I grab a bunch of paper plates from Gran's pantry, and I can't help but notice how they're vibrating, but only because the hands that are holding them are trembling. Truth be told, I couldn't get much sleep last night, and I guess I'm still quite a bit shaky from the near accident yesterday.

Just remembering the way I felt when my car swerved like that is giving me a serious case of goosebumps. How the hell would I have even explained flipping my car over or swerving into a pole to Gran, and on a day like this, no less? The fact that I almost crashed my car on my way to a memorial is ironic to say the least, and only makes me think of how fickle life can be.

I grumble as I set the stack of paper plates on the dining table right next to the pile of gorgeous porcelain china ones that Gran stubbornly insists on having out for the guests. I think it's completely unnecessary, and will ultimately be a pain in both our asses, but all she keeps saying is special occasions call for special silverware.

In her defense, and even though I don't want to admit it, I guess she is right. Even though I personally don't think the guests deserve to eat off her valuable china—especially since the set had been one of her prize wedding gifts all those decades ago—but at the end of the day, it's her china, her house, and the memory of her husband we're celebrating. She has the final say, so I try to keep my reservations to myself and go along with it.

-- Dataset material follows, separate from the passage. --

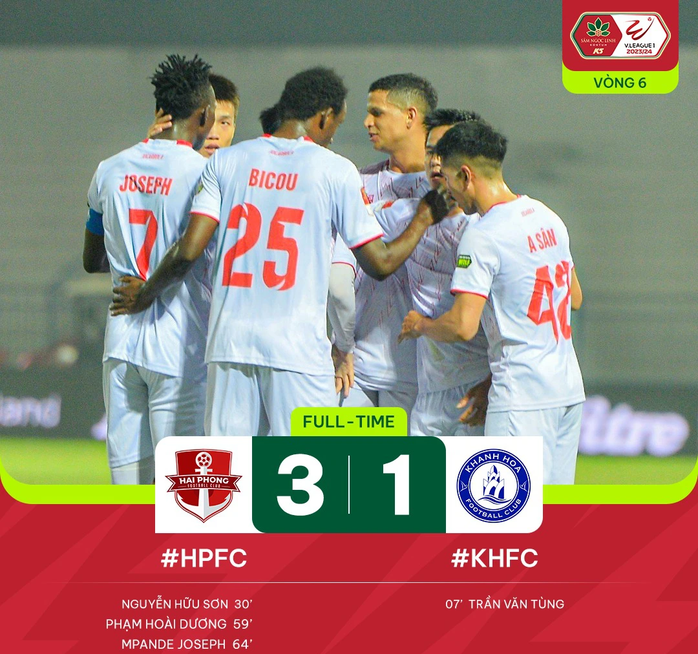 Thắng ngược Khánh Hòa, Hải Phòng FC chen chân vào tốp 4- Ảnh 2. Thắng ngược Khánh Hòa, Hải Phòng FC chen chân vào tốp 4- Ảnh 2.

I look over the table and sigh at just how much food and silverware is all over it. I try not to think about how annoying it's going to be to clean all of this up after hours and hours of forced conversation with our "guests" preceded by even more hours at the memorial service in the church.

I also try not to think about what it will be like when Danny and I see each other. I completely know what to expect from Jennifer so I'm sure there won't be any surprises there. I still find it interesting that even though they're both my half-siblings, I've never even for a moment thought of Jennifer as my sister. I can't see myself calling or even thinking of her as 'Jen' the way everyone else does. Danny and I, on the other hand, had been close at one point in time, or at least I thought we had, but that's obviously changed—drastically, might I add—and now my relationship with him is just like it is with his older sister; non-existent.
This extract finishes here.